I was 99.9% certain that I wasn't going to win because I was convinced that the winner would be given some notice to prepare a speech, despite being told by the organisers that this wasn't the case and to prepare something anyway. Which, of course, I didn't.
When the winner of the Fiction Award, Eva Hornung for Dog Boy, was announced (my pick!) she wasn't there to collect it (apparently too busy collecting hay) so her publisher, Michael Heyward from Text Publishing accepted the award on her behalf. He had a very well-prepared speech on hand, which only convinced me even further that he already knew that Eva had won.
But THEN, when the non-fiction award was announced, the winner (Grace Karsken for The Colony: A History of Early Sydney) was standing not far from me and the look of genuine shock on her face chilled me to the bone. It wasn't possible: surely they couldn't just spring it on someone like that? That's a heart attack waiting to happen! You're talking $100,000 here - not a rose and a handshake. In my world, that's life-changing stuff! (Or at least mortgage-denting.) However, despite being almost in tears, Ms Karsken pulled a very well-prepared speech from her handbag and read it out beautifully, even remembering to thank the PM and to call the minister for the Arts, Minister Crean, instead of just Simon, as I no doubt would have done.
This is when I went into panic mode. If the winners genuinely didn't know they'd won, then I was still in with a chance! What was worse was that Martine Murray (the author of our shortlisted book) still hadn't arrived and there was a very strong possibility that I would have to stumble up there on my own. At this stage I was thanking God I hadn't worn heels. If my name was announced and I didn't black out on the spot I would surely stumble walking up the stairs to the podium. And fall. On national television. Right into Our Julia!
When the YA winner (Bill Condon for Confessions of a Liar, Thief and Failed Sex God) was announced and his wife, Di Bates, squealed in excitement, the terrifying possibility of appearing with Ms Gillard on national television with no speech prepared loomed even closer. At that moment I tried frantically to recall all the names of people I would have to thank and, of course, not a single one came to me. My editor! She was standing just there! What was her surname, for god's sakes? I had worked on THE BOOK with her for blooming months but my mind was a total blank. I could barely remember my partner's name, and he was standing right next to me.
Then there were the other dilemmas that came flashing through my mind: do I take my handbag, or leave it? Do I offer my sweat-drenched palm to the PM or wipe it on my frock first? What was Mr Crean's title again?

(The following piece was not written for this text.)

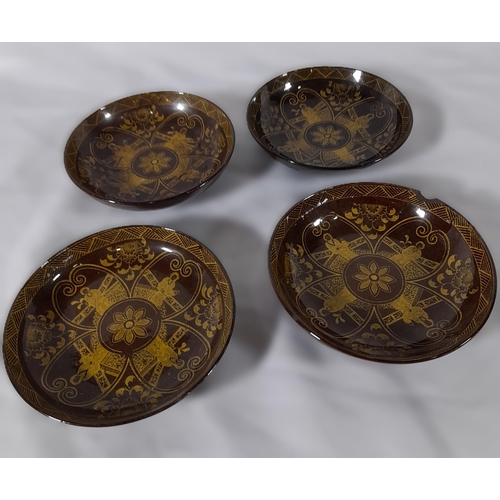 383 - A Set of 4 Rare Yellow Transfer Printed Brown Ware Saucers C 1810-1820.  One with a small chip as pi...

Where was Martine, for goodness' sakes? Was it too late to text her to see how far away she was? What if I was texting when they called my name. Oh, Lordy!
So, when Lorraine Marwood's name was announced for her children's novel Star Jumps, and I saw all the panic and shock rip through her body as she tried to decide whether or not to take her handbag to the podium, and whether on not she had time to fish around inside it for her camera, to be honest, even though the one hundred thousand tax-free dollars would have come in handy, all I could think of at that moment was: 'There but for the grace of God go I.'
So, it was terribly lovely to be shortlisted, lovelier still to be at a fancy lunch with the PM (who didn't stay to eat - she does have a country to run) but I tell you what, if I'm ever shortlisted for something again, I'll be prepared!
Congratulations again to all the winners!